In olden times before IEEE 754, it was quite possible that a != b didn't imply a-b != 0 and vice versa. That was one of the reasons to create IEEE 754 in the first place.

With IEEE 754 it is almost guaranteed. C or C++ compilers are allowed to do an operation with higher precision than needed. So if a and b are not variables but expressions, then (a + b) != c doesn't imply (a + b) - c != 0, because a + b could be calculated once with higher precision, and once without higher precision.

Many FPUs can be switched to a mode where they don't return denormalized numbers but replace them with 0. In that mode, if a and b are tiny normalised numbers where the difference is smaller than the smallest normalised number but greater than 0, a != b also doesn't guarantee a == b.

"Never compare floating-point numbers" is cargo cult programming. Among the people who have the mantra "you need an epsilon", most have no idea how to choose that epsilon properly.

Division by zero is undefined, since the limit from positive numbers tend to infinity, the limited from negative numbers tend to negative infinity.

Not sure if this is C++ or Java since there is no language tag.

double calculation(double a, double b)
{
if (a == b)
{
return nan(""); // C++


return Double.NaN; // Java
}
else
{
return 2 / (a - b);
}
}

The core problem is that computer representation of a double (aka float, or real number in mathematical language) is wrong when you have "too much" decimal, for instance when you deal with double that can't be written as a numerical value (pi or the result of 1/3).
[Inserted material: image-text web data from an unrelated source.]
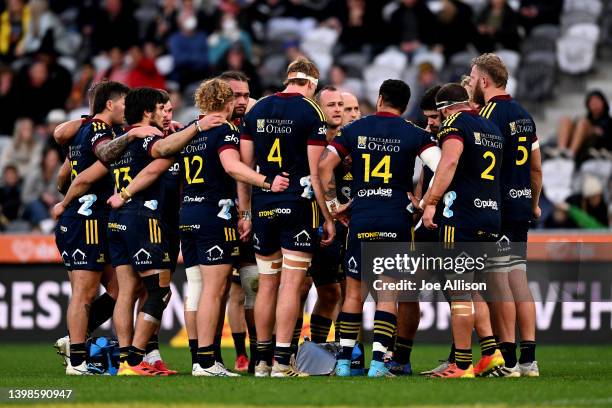 The Highlanders regroup during the round 14 Super Rugby Pacific match between the Highlanders and the NSW Waratahs at Forsyth Barr Stadium on May 22,...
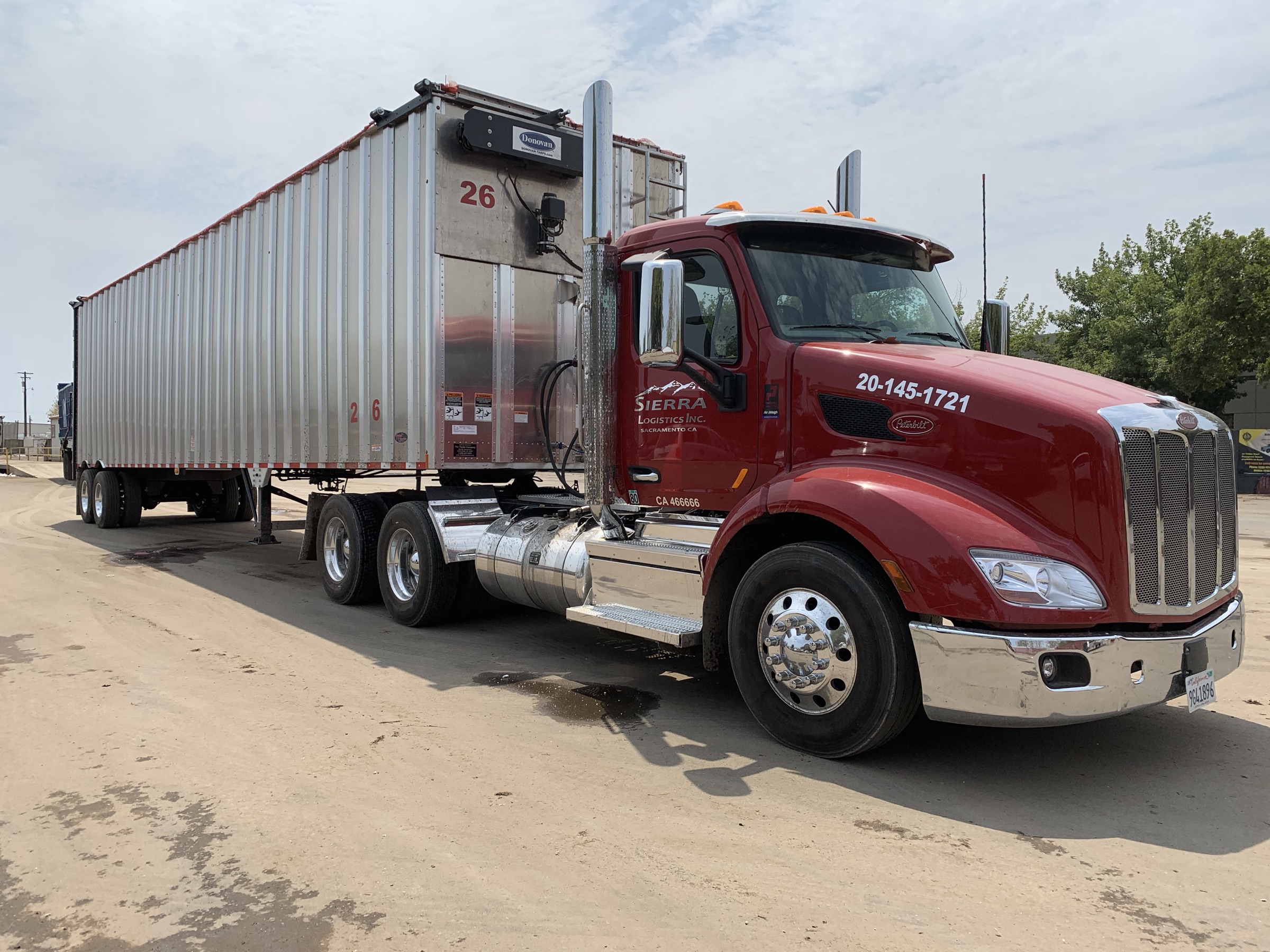 A Sierra Logistics truck and trailer parked in the company's yard in Sacramento, California.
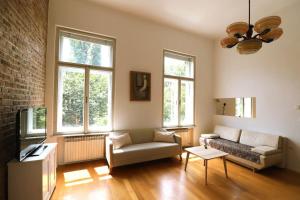 Apartment Piano Nobile, Zagreb في زغرب: غرفة معيشة مع أريكة وكرسي
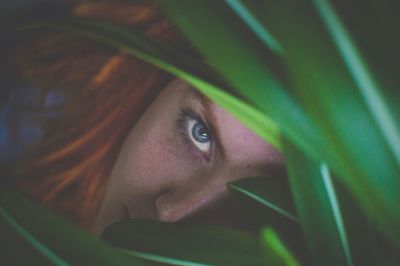 High angle portrait of young woman by plants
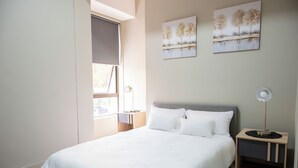Une chambre à coucher comprenant un lit, une table de chevet, une lampe et deux tableaux accrochés au mur.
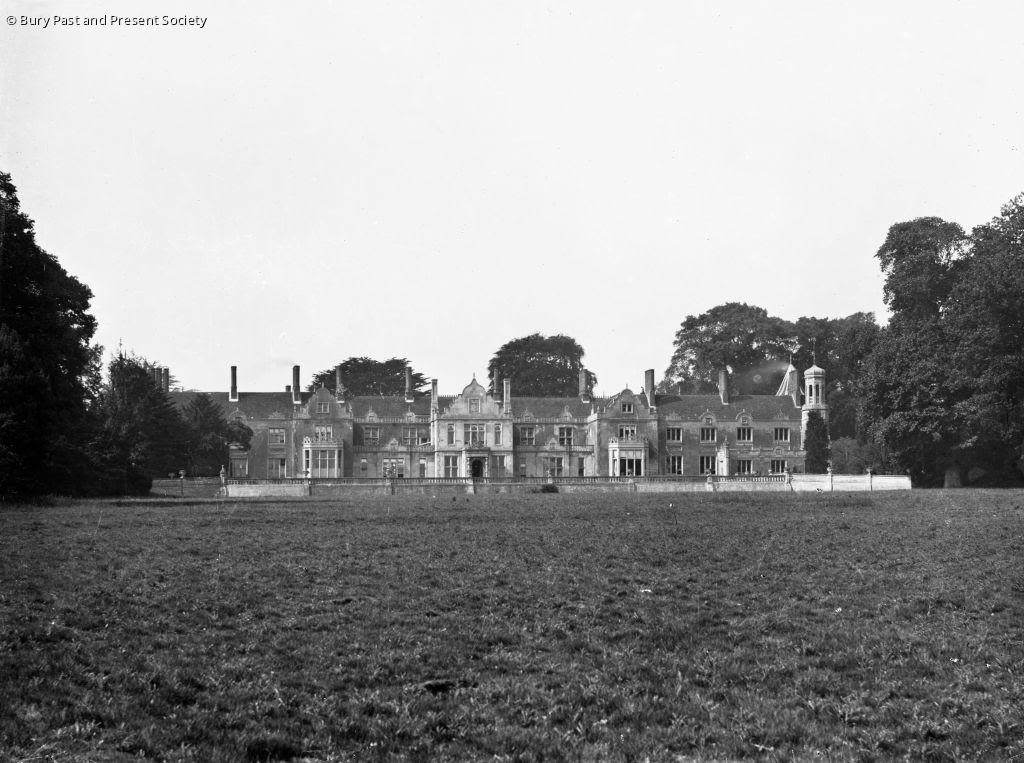 A black and white image of Hardwick House taken from the front with multiple chimneys, windows, and entrances. A large grass field and trees, fully leaved are also present. 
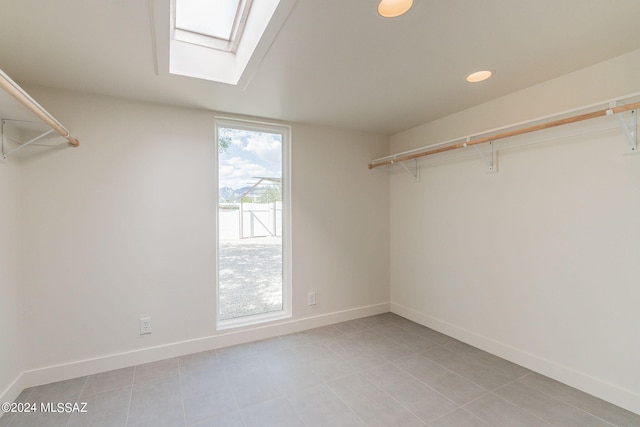 walk in closet with a skylight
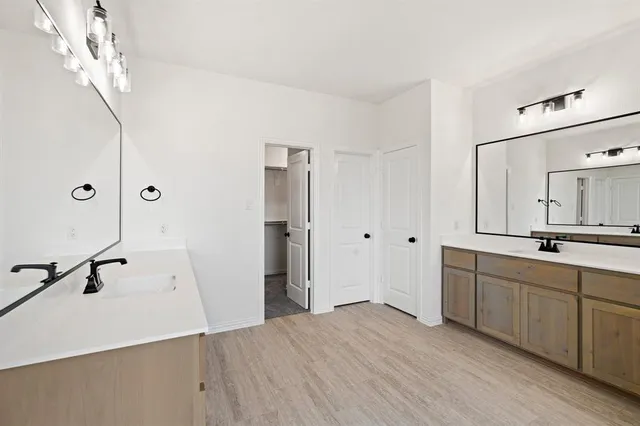 a spacious bathroom with a double vanity sink a mirror and a shower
So a==b can't be done with any double value of a and b, how to you deal with a==b when a=0.333 and b=1/3 ? Depending of your OS vs FPU vs number vs language versus count of 3 after 0, you will have true or false.

Anyway if you do "double value calculation" on a computer, you have to deal with accuracy, so instead of doing a==b, you have to do absolute_value(a-b)<epsilon, and epsilon is relative to what you are modeling at that time in your algorithm. You can't have an epsilon value for all of your double comparison.

In brief, when you type a==b, you have a mathemical expression that can't be translated on a computer (for any floating point number).

PS: hum, everything I answer here is yet more or less in others responses and comments.